Todas as músicas estão disponíveis em matéria na Rádio OABRJ.
 

Capoeira e religiões afro-brasileiras também eram criminalizadas, prática hoje voltada, em parte, para o funk
 
A repressão ao samba e a outras manifestações culturais refletia também uma forma de controle do comportamento. "Se alguém jogava capoeira, era tido automaticamente como vadio. A própria vestimenta entrava na seleção policial, o tamanco, as calças folgadas, os cabelos diferentes. Há registros de delegados que eram bastante violentos e seletivos na perseguição aos sambistas, de quem raspavam a cabeça e mandavam trocar as roupas, no sentido de um controle ideológico da forma de vestir e agir".
 
Reinaldo defende que o processo de criminalização da figura do malandro carioca (que englobaria não apenas o samba, mas também outras manifestações a ele interligadas, como a capoeira e as religiões afro-brasileiras) foi muito específico e seletivo no período da República Velha, mas até hoje verifica-se a permanência dessa criminalização seletiva.
 
"Atualmente não existe mais a situação de uma pessoa ser presa por estar portando um instrumento musical.
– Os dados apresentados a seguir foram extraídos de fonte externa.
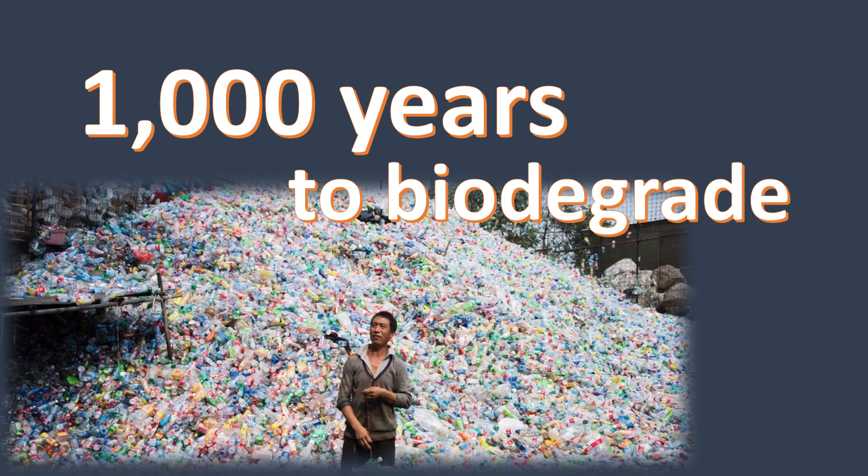Plastics are notoriously difficult to break down. It can take an agonizing 1,000 years for a single plastic water bottle to biodegrade. However, back in 2016, a team of microbiologists made a significant breakthrough: they isolated a bacteria from a plastic recycling facility that could literally eat plastic as its food.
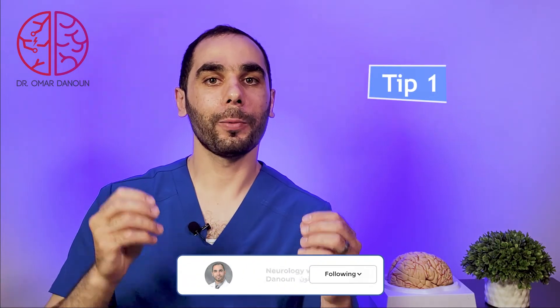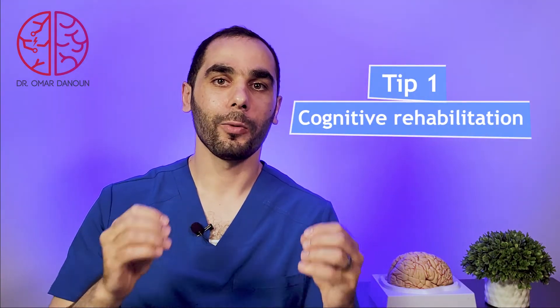Tip number one: In our post-COVID neurology clinic, we have a team of professionals consisting of speech pathology and other psychology professionals that work together to help the patient recover memory and restore connections that were lost or affected after contracting COVID-19. We advise patients to make a list of things they need to do to complete daily tasks. We also implement puzzles and memory tasks to keep stimulating the brain to help restore memory and rebuild those connections.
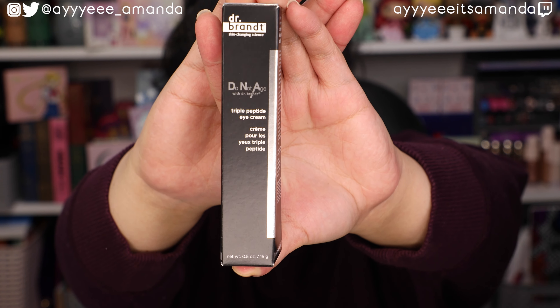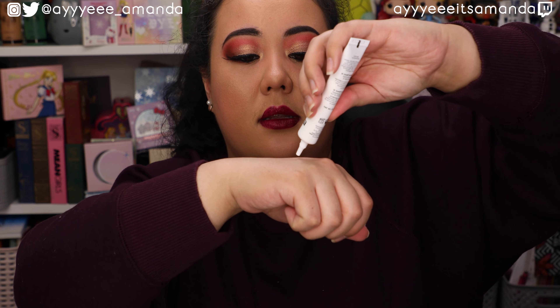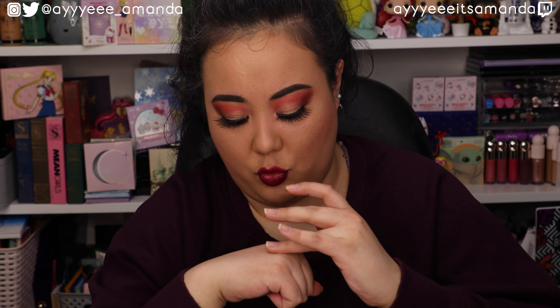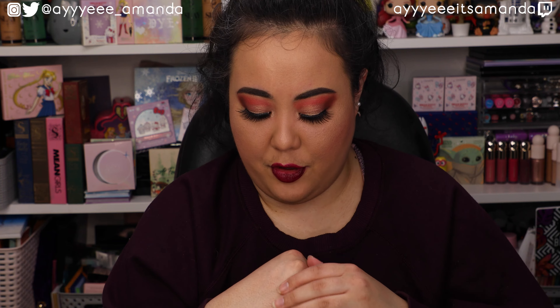Next, by Dr. Brandt, this is the Do Not Age with Dr. Brandt Triple Peptide Eye Cream and it retails for $82 - wow, that's expensive. I have not used this before. This is what it looks like dispensed - it looks thin when dispensed but it feels a lot thicker once you start rubbing it in. There's a little bit of scent to it, but that part of my hand feels really smooth, soft, and hydrated.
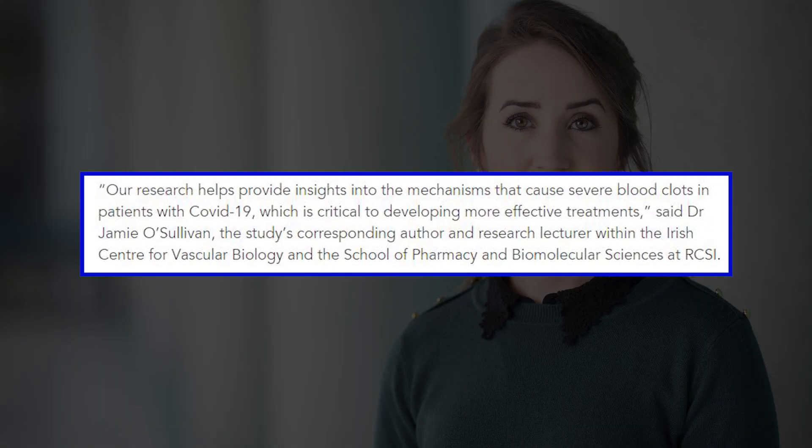"Our research helps provide insights into the mechanisms that cause severe blood clots in patients with COVID-19, which is critical to developing more effective treatments," said corresponding author Dr. Jamie Oslevan.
Mas poderíamos verificar essa mesma espécie de seleção do sistema de justiça criminal no caso do funk ou do rap. São manifestações culturais e musicais reprimidas penalmente de várias formas, como a apologia ao crime, tipo penal editado no Código desde 1940 e que é utilizado hoje para incriminar os MCs do funk", declara ele, que aponta também aspectos de criminalização dirigida às religiões afro-brasileiras, cuja ligação com o samba é profunda.
 
"Existem tipos penais, como o curandeirismo e o charlatanismo, utilizados até hoje como forma de criminalizar os praticantes e os rituais dessas religiões". Pela lei, curandeirismo seria basicamente a promessa de uma cura segundo um método infalível ou místico, que poderia levar ao enquadramento criminal também de outras religiões de origem não africana – o que segundo Reinaldo de fato acontece, embora com menos frequência.
 
O advogado chama a atenção ainda para o fato de que as pessoas selecionadas pelo sistema penal não são as únicas que cometem crimes. "Todos praticam delitos, mas existem alguns tipos penais específicos de determinadas classes sociais. A tipificação que enquadrava os sambistas do início do Século 20 era evidentemente focada em negros, pardos, pobres, trabalhadores ou não. Era uma forma de seleção do Estado, de controle desta população. Isso está presente até hoje, tipos penais como furto, roubo e tráfico de drogas correspondem a praticamente 80% da população carcerária. Dados do Ministério da Justiça reafirmam que em maioria são jovens, de 18 a 24 anos, com baixa escolaridade, negros ou pardos. É muito evidente a seleção do sistema penal no sentido do controle dessas populações que eram e são tidas pelo Estado como classes perigosas", conclui.
 

Versão online da Tribuna do Advogado, maio/2013.